Watch our step-by-step video on how to make orange and lemon cake.

Step 1

Place the whole orange and whole lemon into a saucepan, cover with water and boil for one hour. Top up with water if needed to ensure that they remain covered. Remove from the water and allow to cool completely.

Step 2

Preheat your oven to 150°C (130°C fan/gas mark 2). Grease and line a 23cm cake tin with greaseproof paper.

Step 3

Cut the cooked fruit open and remove any pips. Place the whole fruit into your food processor and blitz until you have a smooth paste.

Step 4

Place the margarine and sugar into the orange and lemon mixture.
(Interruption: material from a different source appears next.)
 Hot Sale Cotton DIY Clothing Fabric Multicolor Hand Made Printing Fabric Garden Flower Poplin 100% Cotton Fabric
Beat together until light and fluffy.

Step 5

Add the eggs into the butter, sugar and citrus mixture. Mix to combine.

Step 6

Next, add in the ground almonds and polenta. Combine thoroughly.

Step 7

Pour the mixture into the lined cake tin and place in the oven for 1 hour, until the cake has slightly risen, is golden on top and cooked all the way through.

Step 8

Warm the marmalade slightly to make it a more spreadable consistency. Coat the top of the cake, while it's still warm, with the marmalade.

Step 9

Get creative with your toppings and make some candied orange and lemon slices to decorate the top.